(Records contained in a dataset)
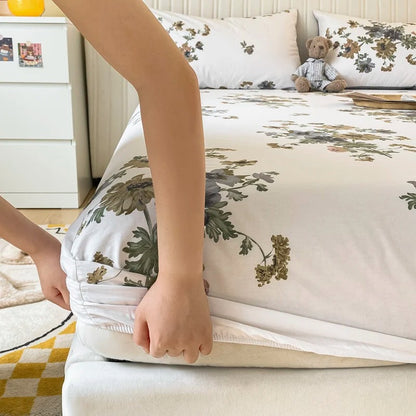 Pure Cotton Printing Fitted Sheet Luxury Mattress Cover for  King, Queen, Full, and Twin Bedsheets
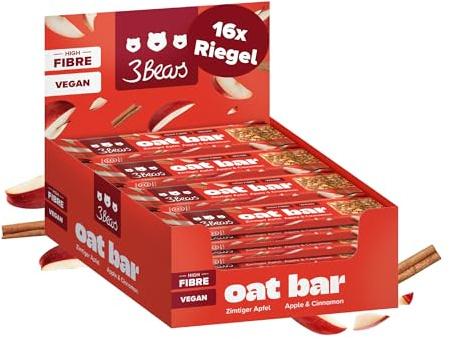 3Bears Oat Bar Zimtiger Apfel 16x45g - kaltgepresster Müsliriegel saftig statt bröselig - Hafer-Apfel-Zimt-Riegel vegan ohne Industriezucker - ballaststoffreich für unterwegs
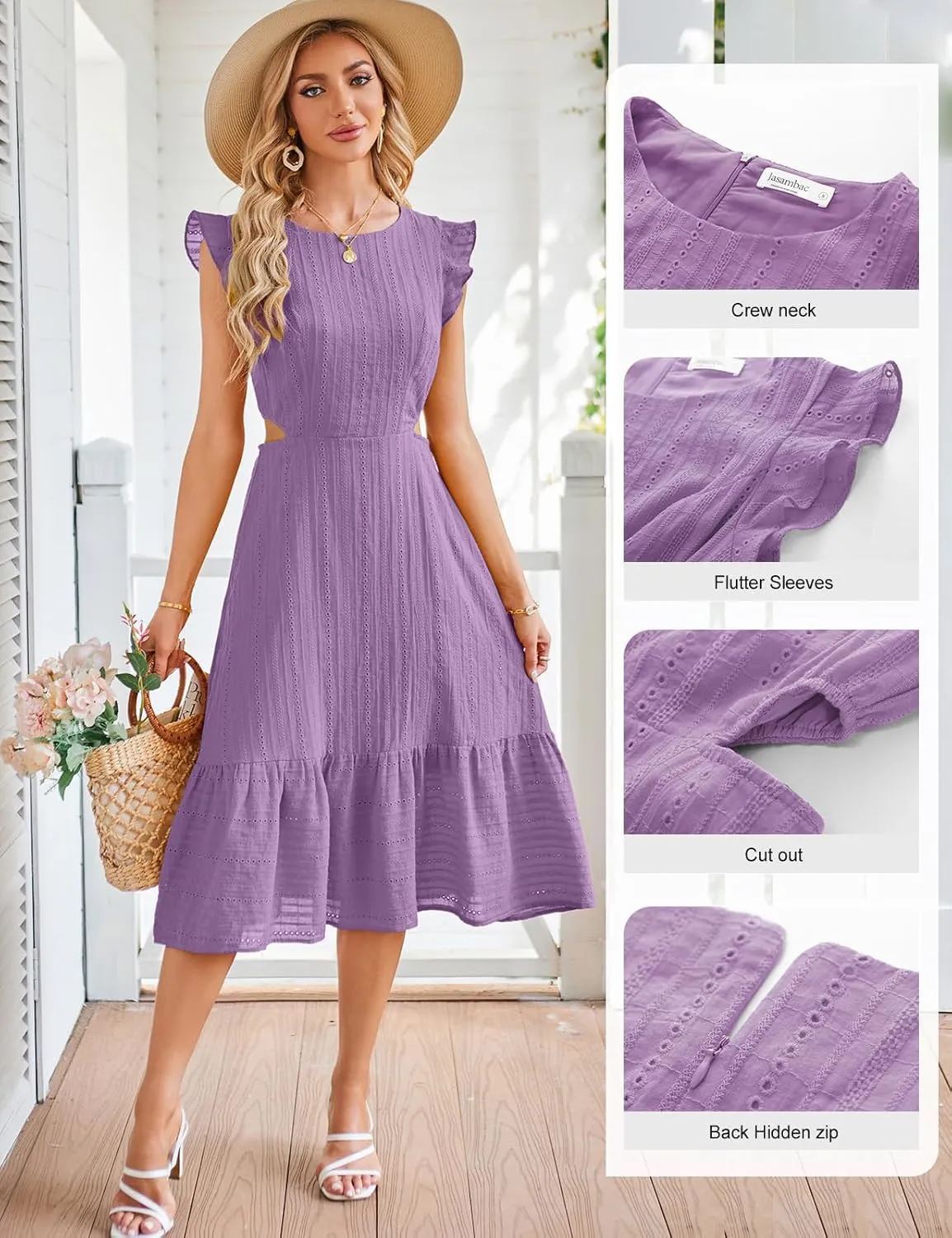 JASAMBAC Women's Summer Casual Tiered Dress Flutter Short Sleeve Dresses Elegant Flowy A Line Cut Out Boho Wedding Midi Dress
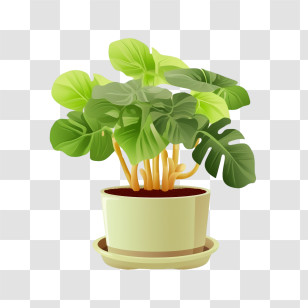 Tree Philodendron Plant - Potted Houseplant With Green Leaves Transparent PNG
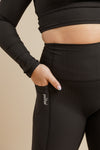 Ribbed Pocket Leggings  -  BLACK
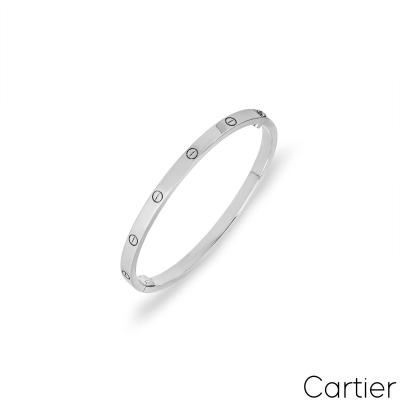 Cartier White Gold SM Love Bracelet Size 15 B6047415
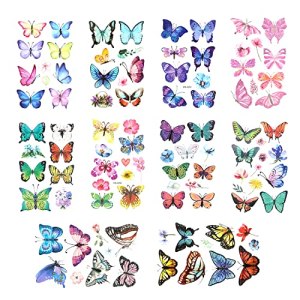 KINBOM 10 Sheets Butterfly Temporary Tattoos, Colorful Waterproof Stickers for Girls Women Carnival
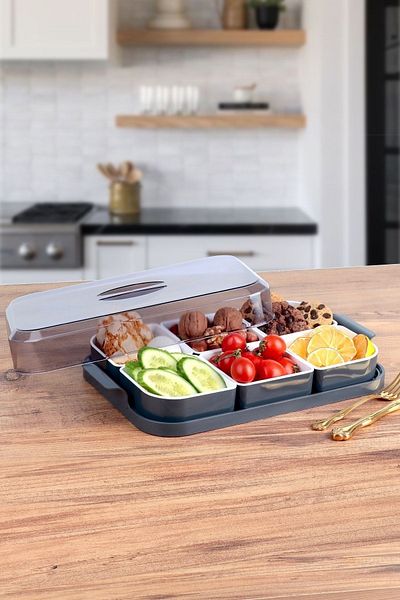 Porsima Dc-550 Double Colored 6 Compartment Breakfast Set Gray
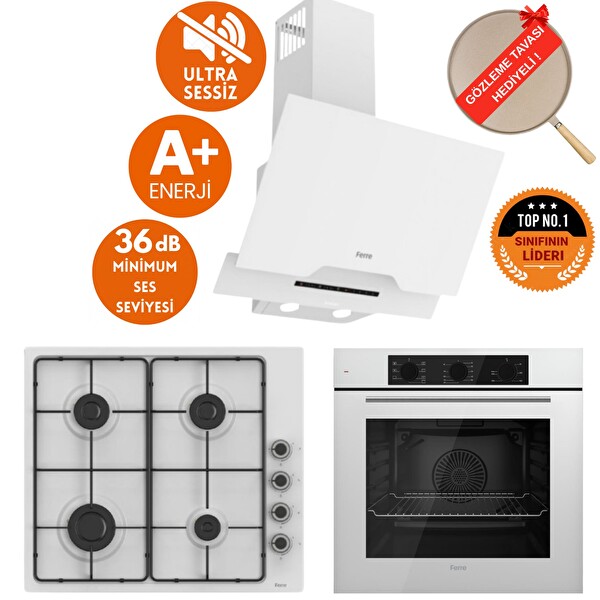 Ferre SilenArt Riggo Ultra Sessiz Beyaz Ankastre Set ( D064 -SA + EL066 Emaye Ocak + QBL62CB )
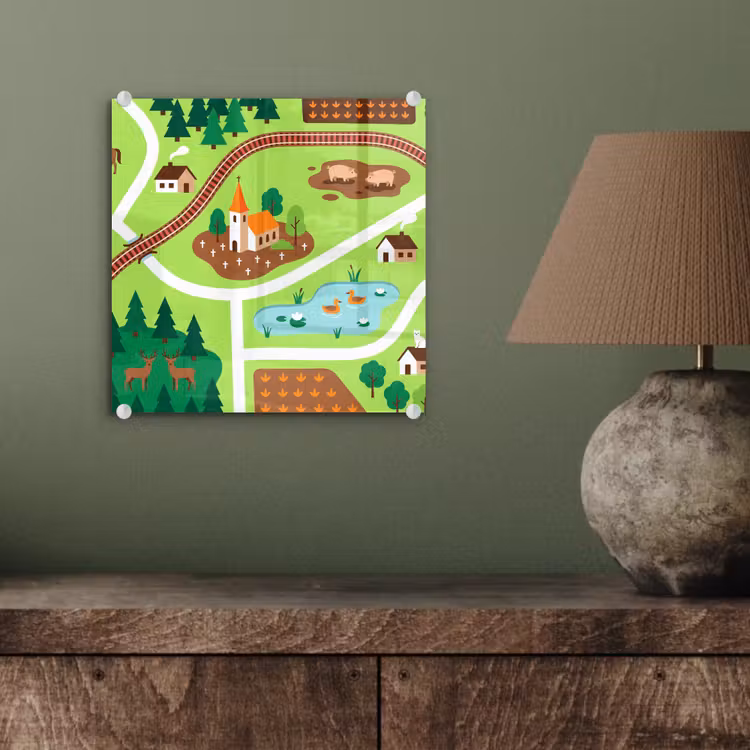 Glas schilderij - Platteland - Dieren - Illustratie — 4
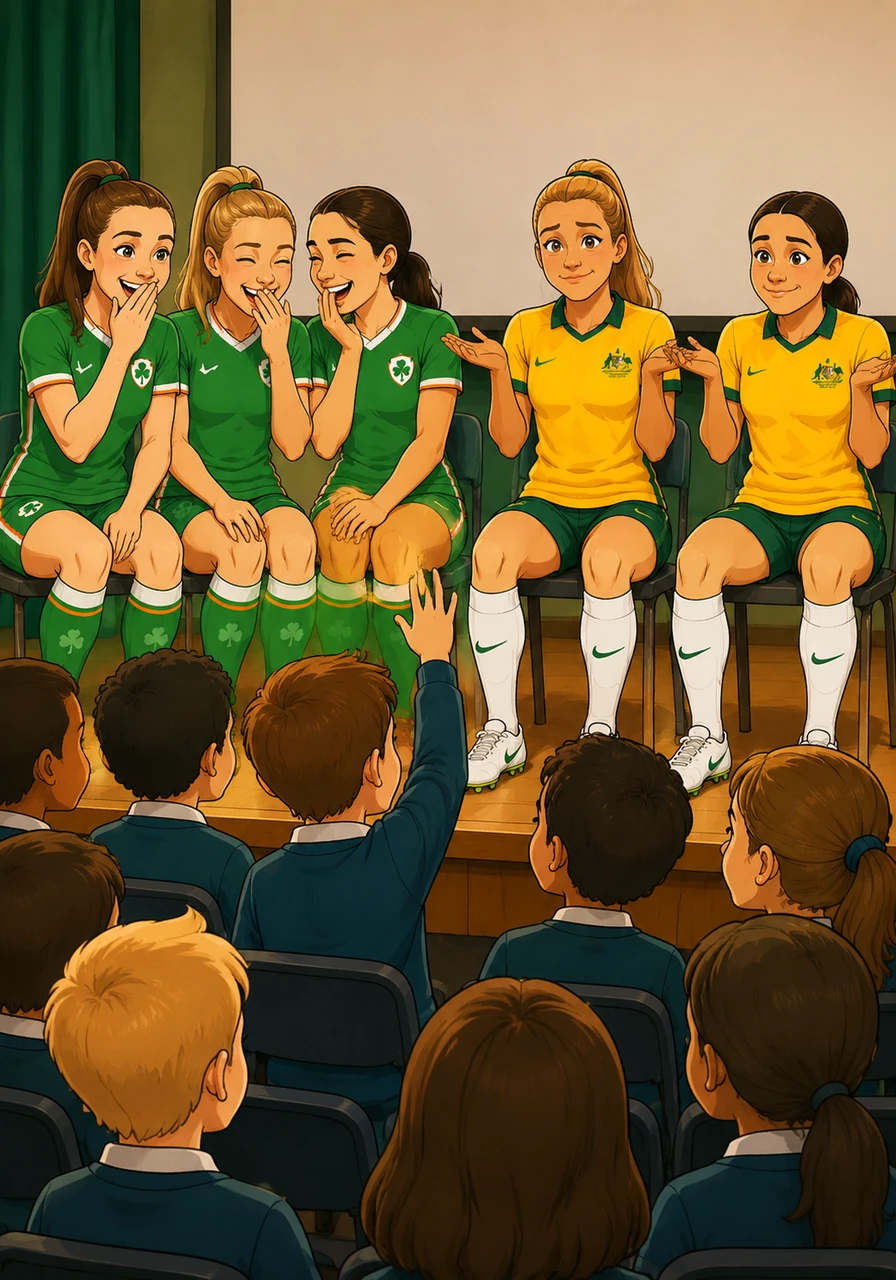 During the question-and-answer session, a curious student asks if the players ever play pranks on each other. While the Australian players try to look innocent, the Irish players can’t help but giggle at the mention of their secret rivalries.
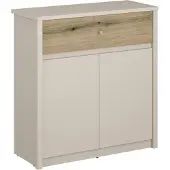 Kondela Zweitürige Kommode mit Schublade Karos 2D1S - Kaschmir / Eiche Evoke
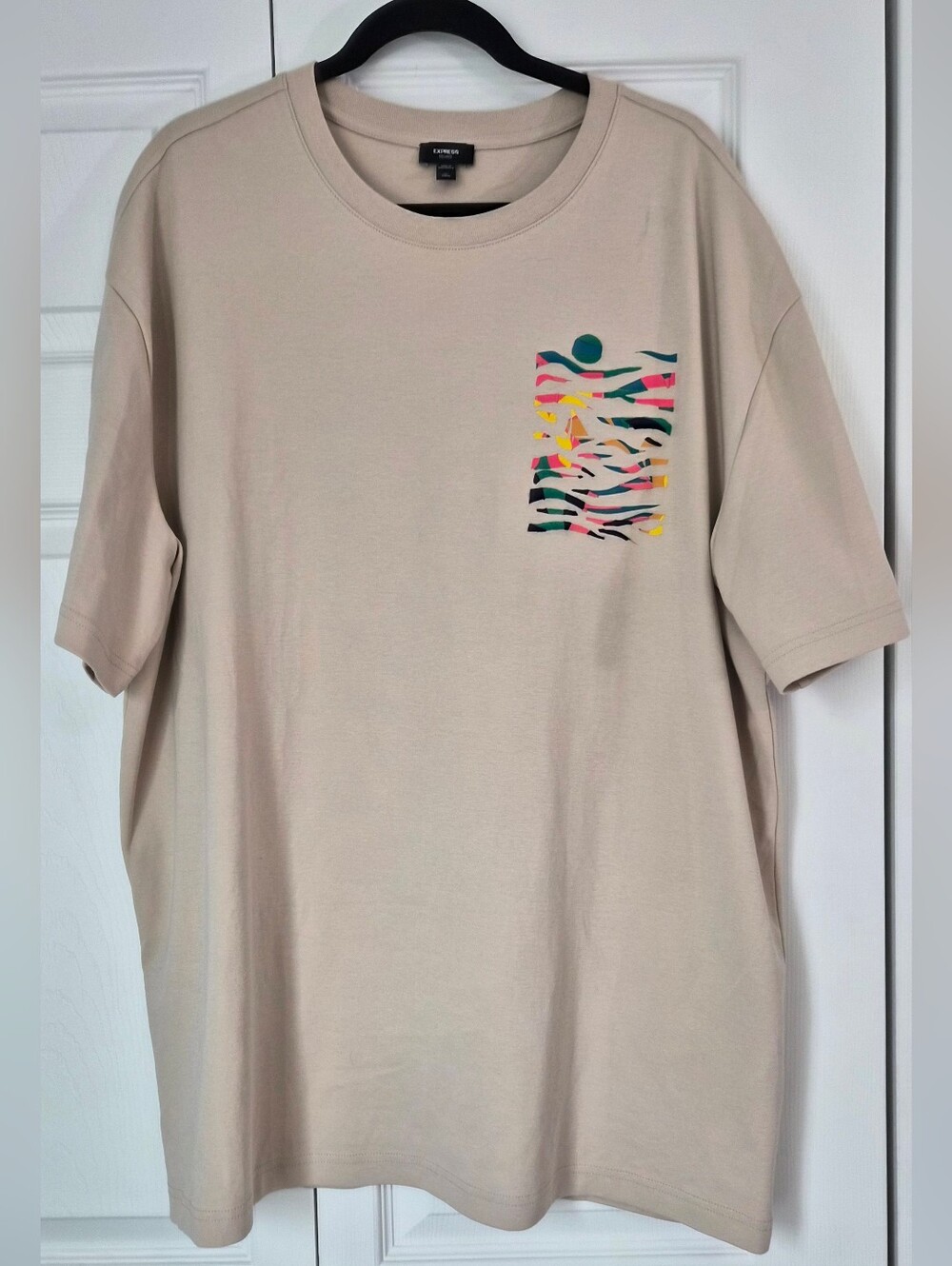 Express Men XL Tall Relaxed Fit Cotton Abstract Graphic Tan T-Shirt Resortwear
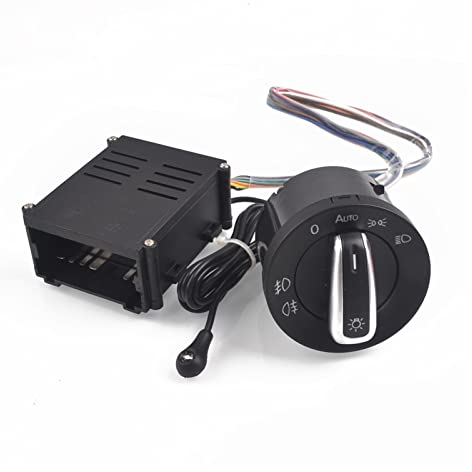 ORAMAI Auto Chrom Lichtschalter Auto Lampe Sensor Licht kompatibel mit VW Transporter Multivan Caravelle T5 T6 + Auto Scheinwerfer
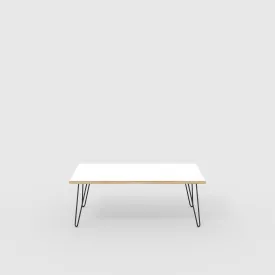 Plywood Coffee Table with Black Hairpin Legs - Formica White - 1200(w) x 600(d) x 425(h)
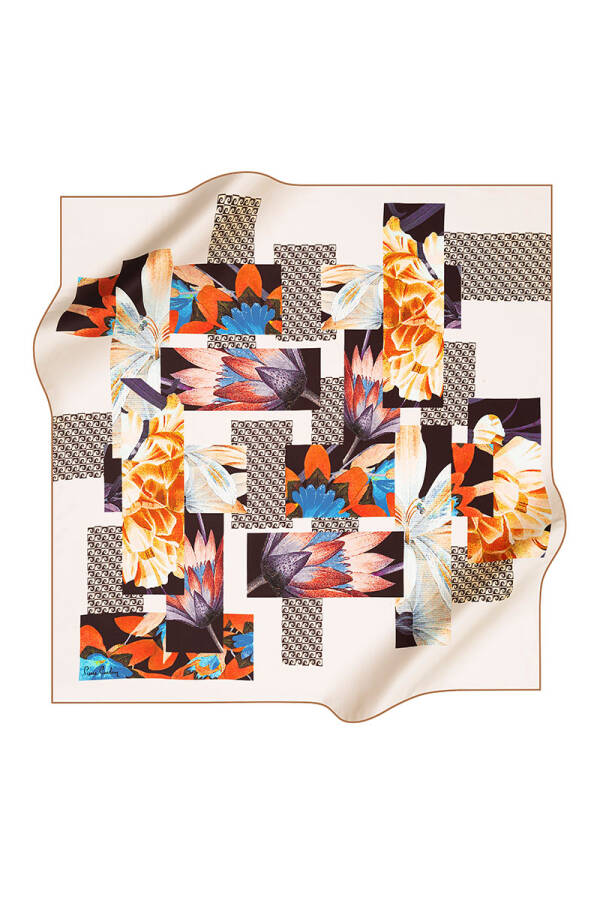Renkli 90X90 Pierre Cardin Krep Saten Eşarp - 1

# EXERCISE
Please reproduce exactly, and nothing more, the lines from the one containing "ORAMAI Auto Chrom" through the last line of the entries, both included; pictures stay out.

# OUTPUT BELOW
 ORAMAI Auto Chrom Lichtschalter Auto Lampe Sensor Licht kompatibel mit VW Transporter Multivan Caravelle T5 T6 + Auto Scheinwerfer
 Plywood Coffee Table with Black Hairpin Legs - Formica White - 1200(w) x 600(d) x 425(h)
Renkli 90X90 Pierre Cardin Krep Saten Eşarp - 1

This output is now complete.